TASK REQUIREMENTS: In the entries that follow, find the line containing "CROCUS, I willlove you,always... photo cards"; from there, copy every line exactly through the line containing "a close up view of a bird with a red bill".

MATERIAL SUPPLIED:
::::::::::
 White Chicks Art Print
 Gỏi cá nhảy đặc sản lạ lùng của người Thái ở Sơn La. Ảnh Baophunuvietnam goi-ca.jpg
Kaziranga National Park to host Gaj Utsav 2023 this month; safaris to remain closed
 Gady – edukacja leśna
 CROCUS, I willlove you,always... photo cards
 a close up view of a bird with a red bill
::::::::::
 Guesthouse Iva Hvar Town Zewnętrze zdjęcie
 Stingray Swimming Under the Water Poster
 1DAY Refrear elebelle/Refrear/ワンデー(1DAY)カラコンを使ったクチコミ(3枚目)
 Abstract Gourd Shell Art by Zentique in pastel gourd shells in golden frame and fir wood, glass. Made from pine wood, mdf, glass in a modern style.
::::::::::
EXPECTED OUTPUT:
 CROCUS, I willlove you,always... photo cards
 a close up view of a bird with a red bill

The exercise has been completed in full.